Finding broken external links on websites using Scrapy

Scrapy is an open source scraping and web crawling tool written in Python. It's got a lot of good documentation on getting started and has a very simple to use CLI. I'm not going to go into the details of getting scrapy running since it would be redundant with their documentation, however I will note a quick way to find external broken links with a quick spider implementation that I've started using.

After you have a basic scrapy project running in your spiders folder add a new file named broken_link_spider.py.

from scrapy.spiders import CrawlSpider, Rule
from scrapy.linkextractors import LinkExtractor

class BrokenLinkSpider(CrawlSpider):
    name = 'broken_link_spider'
    start_urls = ['https://blog.bythewood.me/']
    handle_httpstatus_list = [200, 301, 302, 303, 307, 400, 401, 403, 404, 500]

rules = (
        Rule(
            LinkExtractor(
                allow_domains=['blog.bythewood.me'],
            ),
            callback='parse_local',
            follow=True,
        ),
        Rule(
            LinkExtractor(),
            callback='parse_external',
        ),
    )

def parse_local(self, response):
        if response.status != 200:
            return {
                'url': response.url,
                'status': response.status,
                'type': 'local',
            }

def parse_external(self, response):
        if response.status != 200:
            return {
                'url': response.url,
                'status': response.status,
                'type': 'external',
            }

To explain the pieces of this spider:

By default Scrapy ignores http responses that are not a 200 status code. You have to tell it to scrape all the status codes you want, including broken ones, with the handle_httpstatus_list variable.
We then need two rules. The first is for internal links that we follow to make sure we scrape every page on our website, we also want to note non-200 status codes on our own site incase we have a broken link there.
The second rule is for crawling the first page of an external site, we don't want to follow these since we don't inherently care about every page on the external websites, we just want to make sure the page we are landing on is not a dead link.
We then have two functions to parse our external and local links and we only return links that are not a 200 status code. This is somewhat of a naïve implementation as there are other successful status codes so you may want to change this to suit your needs.

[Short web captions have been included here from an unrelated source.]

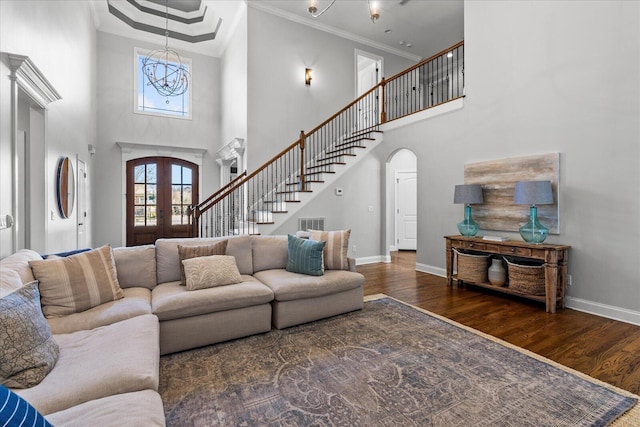 living room featuring dark wood-type flooring, a high ceiling, french doors, an inviting chandelier, and crown molding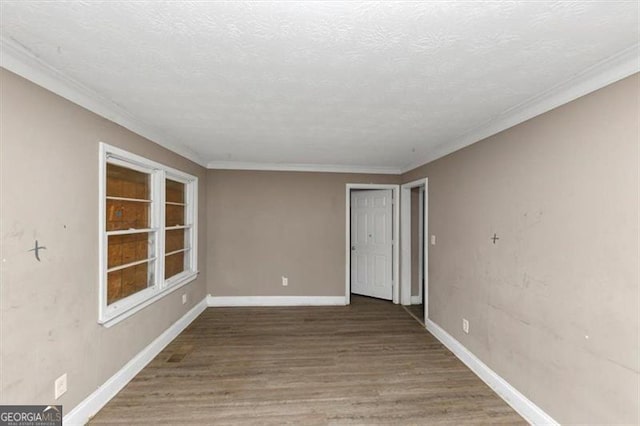 unfurnished room featuring wood-type flooring, a textured ceiling, and crown molding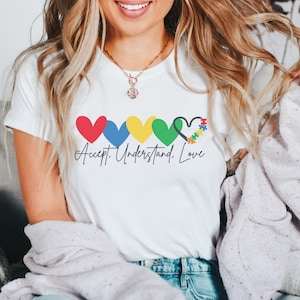 May include: White t-shirt with a row of colorful hearts, the last heart is a puzzle piece heart. The text below the hearts reads "Accept. Understand. Love."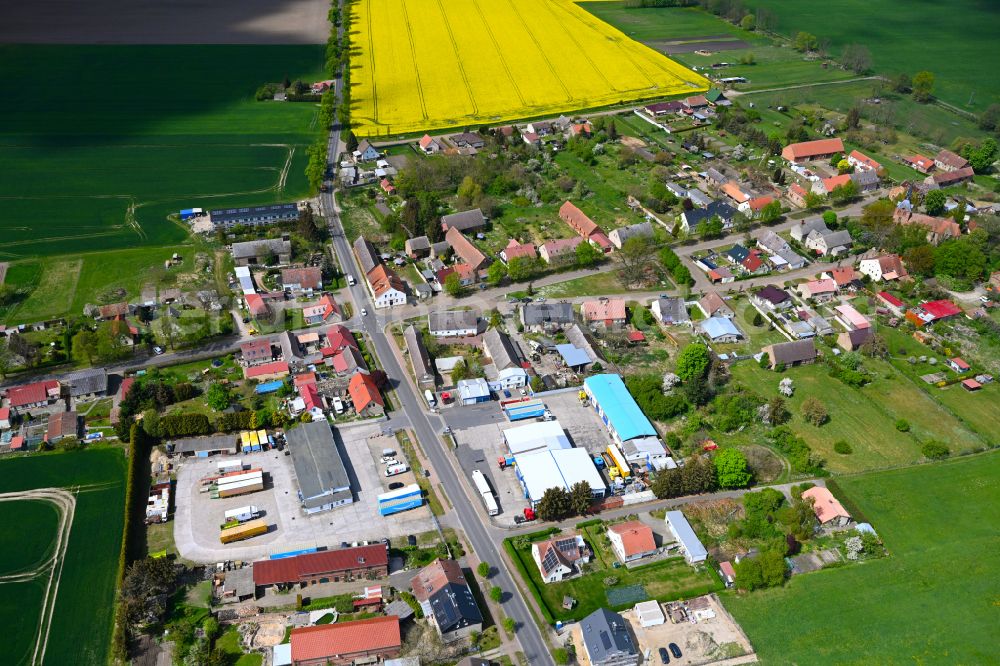 Hakenberg from above - Agricultural land and field boundaries surround the settlement area of the village in Hakenberg in the state Brandenburg, Germany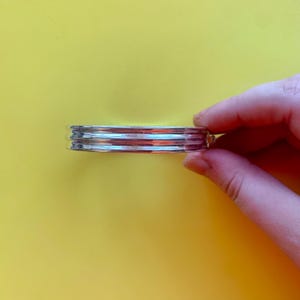 Peut inclure: Un bracelet jonc argenté avec un motif côtelé. Le bracelet est tenu sur un fond jaune. Le bracelet semble être en métal et a une finition brillante. Le design comporte trois arêtes parallèles.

Running this crawler can be done easily with Scrapy's CLI tool using scrapy crawl broken_link_spider -o output/broken_link_spider.json and you should be left with a nice list of all the dead links on your site in the output file!

As always with scraping and crawling make sure you obey robots.txt files and have permission to crawl the website before you go wild with something like this. It's a quick way to get your IP address blacklisted if you aren't following the rules.